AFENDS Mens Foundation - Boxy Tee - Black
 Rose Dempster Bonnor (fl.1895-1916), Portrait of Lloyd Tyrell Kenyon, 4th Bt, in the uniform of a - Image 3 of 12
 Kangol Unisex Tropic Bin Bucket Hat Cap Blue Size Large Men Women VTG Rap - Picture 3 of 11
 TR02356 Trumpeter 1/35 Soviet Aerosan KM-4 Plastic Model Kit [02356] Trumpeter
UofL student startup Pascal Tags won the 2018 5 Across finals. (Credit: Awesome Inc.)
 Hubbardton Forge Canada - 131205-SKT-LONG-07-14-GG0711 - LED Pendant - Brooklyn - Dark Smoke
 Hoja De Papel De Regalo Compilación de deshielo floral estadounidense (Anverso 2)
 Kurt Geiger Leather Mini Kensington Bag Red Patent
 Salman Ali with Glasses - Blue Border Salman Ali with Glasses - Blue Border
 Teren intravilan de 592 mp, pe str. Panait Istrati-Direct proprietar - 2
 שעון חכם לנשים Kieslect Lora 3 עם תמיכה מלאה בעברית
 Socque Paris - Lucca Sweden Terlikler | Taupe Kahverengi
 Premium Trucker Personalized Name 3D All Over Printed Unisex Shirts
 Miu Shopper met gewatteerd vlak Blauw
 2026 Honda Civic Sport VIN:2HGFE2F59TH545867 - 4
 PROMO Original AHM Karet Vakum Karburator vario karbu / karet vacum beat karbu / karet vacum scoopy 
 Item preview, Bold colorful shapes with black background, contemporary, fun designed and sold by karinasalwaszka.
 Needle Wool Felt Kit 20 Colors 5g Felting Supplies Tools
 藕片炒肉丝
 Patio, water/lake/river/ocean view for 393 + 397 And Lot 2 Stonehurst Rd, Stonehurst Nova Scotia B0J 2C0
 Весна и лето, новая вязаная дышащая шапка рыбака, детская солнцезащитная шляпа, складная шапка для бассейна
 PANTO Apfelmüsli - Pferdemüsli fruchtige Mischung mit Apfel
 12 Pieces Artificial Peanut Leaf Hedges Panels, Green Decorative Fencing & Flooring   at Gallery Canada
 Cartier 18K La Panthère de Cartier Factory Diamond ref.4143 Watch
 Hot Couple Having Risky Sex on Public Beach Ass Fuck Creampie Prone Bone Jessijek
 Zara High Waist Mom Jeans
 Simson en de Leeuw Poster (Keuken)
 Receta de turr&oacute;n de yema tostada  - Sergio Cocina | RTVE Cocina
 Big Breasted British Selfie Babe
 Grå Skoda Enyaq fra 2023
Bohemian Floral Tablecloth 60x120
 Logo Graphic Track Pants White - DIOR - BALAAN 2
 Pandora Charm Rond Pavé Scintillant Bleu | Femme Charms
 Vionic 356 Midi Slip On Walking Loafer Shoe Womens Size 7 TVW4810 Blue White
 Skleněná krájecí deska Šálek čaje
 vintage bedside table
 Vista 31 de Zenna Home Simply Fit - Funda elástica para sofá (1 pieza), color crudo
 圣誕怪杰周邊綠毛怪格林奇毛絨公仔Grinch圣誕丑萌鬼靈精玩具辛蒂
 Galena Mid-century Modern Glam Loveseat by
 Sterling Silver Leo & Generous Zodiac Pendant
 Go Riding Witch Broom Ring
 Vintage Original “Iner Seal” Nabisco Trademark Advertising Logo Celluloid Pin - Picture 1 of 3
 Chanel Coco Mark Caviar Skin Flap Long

☆ ☆ ☆ ☆ ☆

> **Problem to solve**: Taking the records above, retype every line from the one with "Hoja De Papel" down to the one with "Miu Shopper met gewatteerd vlak Blauw", exactly and with nothing else.

> **Task answer**:
 Hoja De Papel De Regalo Compilación de deshielo floral estadounidense (Anverso 2)
 Kurt Geiger Leather Mini Kensington Bag Red Patent
 Salman Ali with Glasses - Blue Border Salman Ali with Glasses - Blue Border
 Teren intravilan de 592 mp, pe str. Panait Istrati-Direct proprietar - 2
 שעון חכם לנשים Kieslect Lora 3 עם תמיכה מלאה בעברית
 Socque Paris - Lucca Sweden Terlikler | Taupe Kahverengi
 Premium Trucker Personalized Name 3D All Over Printed Unisex Shirts
 Miu Shopper met gewatteerd vlak Blauw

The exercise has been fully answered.